"Wait 'til they get a load of us in our sparkling little suits," says Pierce Brosnan on the Making Of, half-smirking, halfsmouldering. "By God."
Quite. Mamma Mia! is camp ’n’ cheesy – no surprise there. It’s also shoddily cut and choreographed, wincingly plotted (perky Amanda Seyfried invites possible dads Brosnan, Colin Firth and Stellan Skarsgard to her island wedding; everyone sings) and falls arse over tit with its ill-timed, ill-advised slapstick.
Yet, if anything, it’s more irresistible than risible, glossing flaws with postcard visuals and sheer exuberance.

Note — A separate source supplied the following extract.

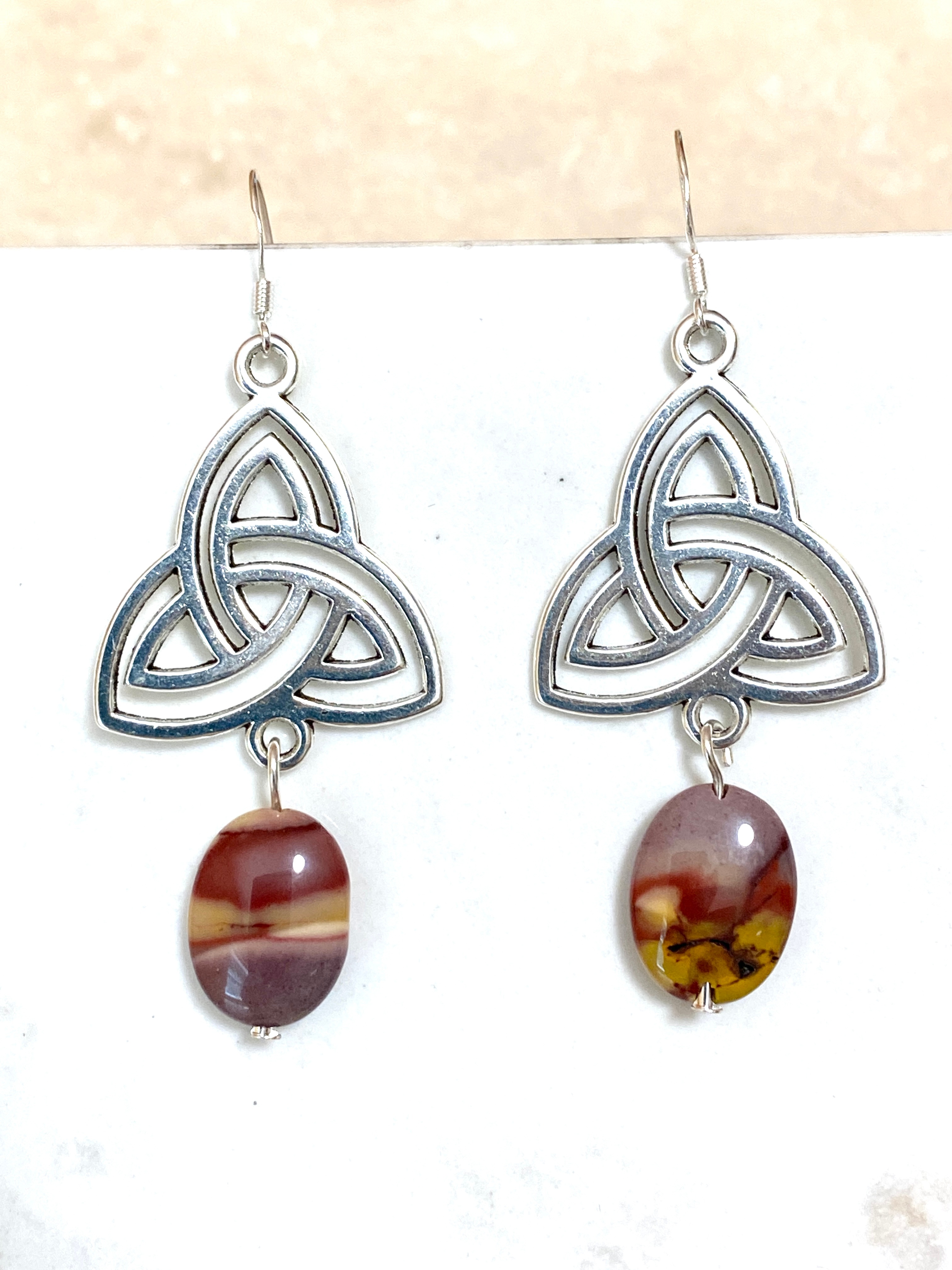 Genuine Earthy Mookaite Triqueta Earrings, Sterling Silver Hook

And so we have Meryl Streep – she of Sophie’s Choice and A Cry In The Dark – trampolining on beds, singing into hairdryers and playing a spirited air-guitar; the non-stop action, meanwhile, careens over bone-white beaches and sunkissed courtyards, into jewelled bays.

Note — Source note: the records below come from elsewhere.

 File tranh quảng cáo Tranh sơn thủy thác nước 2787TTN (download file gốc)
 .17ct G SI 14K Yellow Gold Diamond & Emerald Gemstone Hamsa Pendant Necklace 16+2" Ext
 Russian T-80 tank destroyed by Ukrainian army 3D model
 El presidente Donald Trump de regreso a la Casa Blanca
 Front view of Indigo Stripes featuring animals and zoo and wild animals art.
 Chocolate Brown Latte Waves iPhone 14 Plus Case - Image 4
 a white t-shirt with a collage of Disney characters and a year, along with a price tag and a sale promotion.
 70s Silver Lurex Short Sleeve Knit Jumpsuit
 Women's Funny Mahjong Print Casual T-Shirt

Shot over 80 days, many of them at the UK’s Pinewood Studios, it’s clear everyone was having the proverbial blast as they sought to “capture the tone” (says producer Gary Goetzman) of the stage play.
The transition’s success is evident in the numbers: for the play’s 32m viewers, try a Titanicbothering £66m at the UK box-office.